**Task goal**
Strip the pictures, then copy the remaining data exactly as it stands.

**Dataset content**
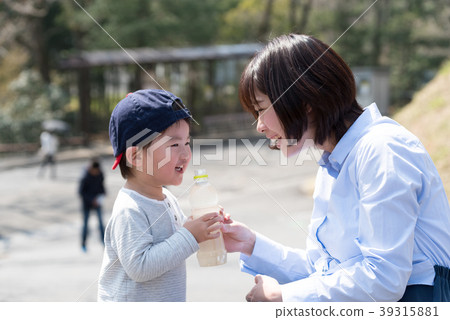 Parents and children drinking drinks in the park 39315881
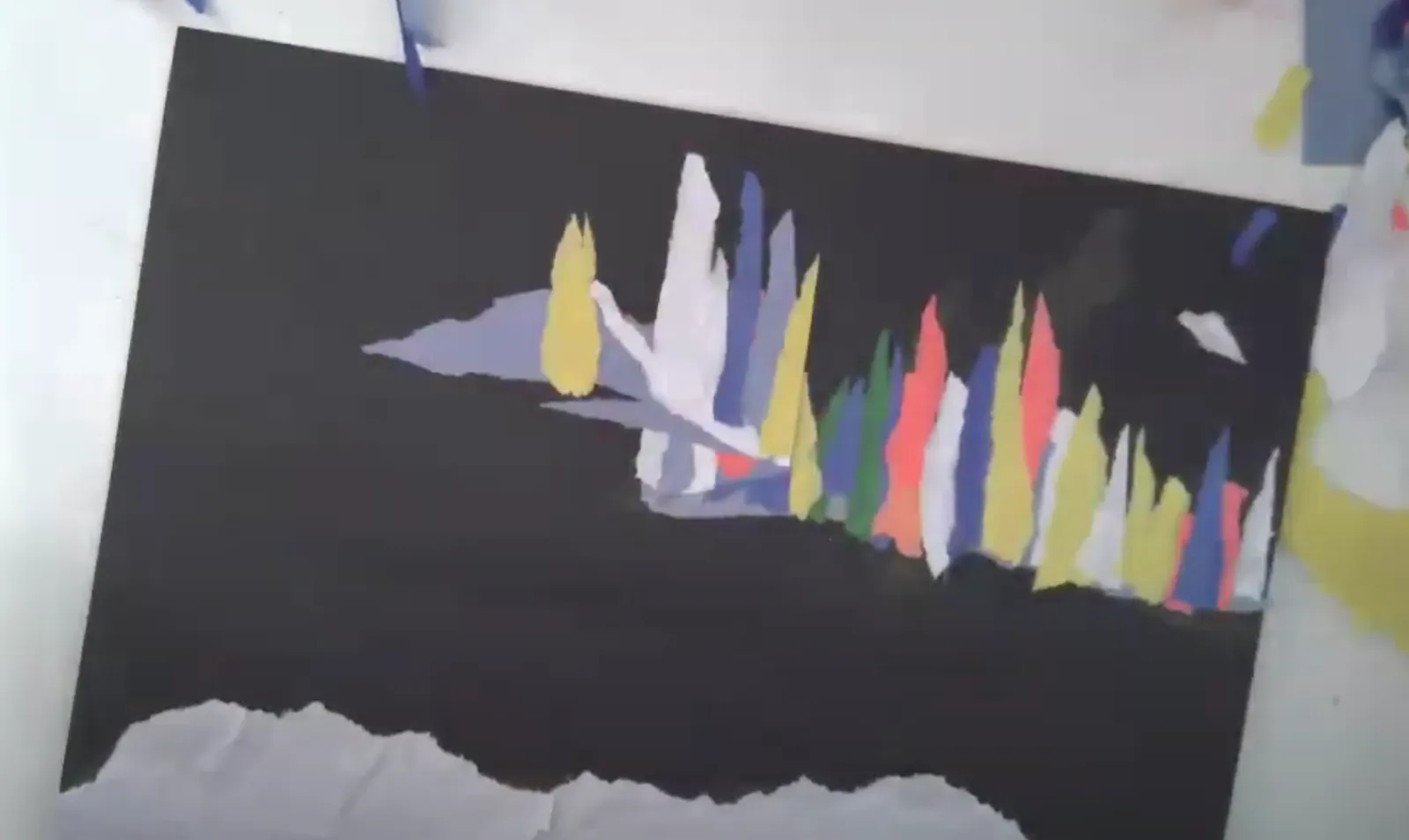 Jason Sikoak creating a mixed media collage of the Northern Lights
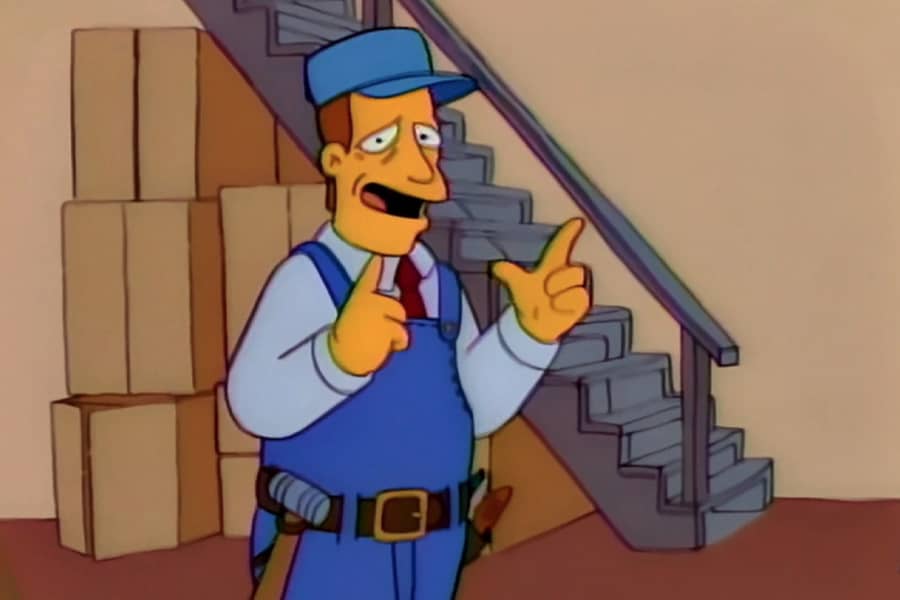McClure in front of some stairs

**Task answer**
 Parents and children drinking drinks in the park 39315881
 Jason Sikoak creating a mixed media collage of the Northern Lights
McClure in front of some stairs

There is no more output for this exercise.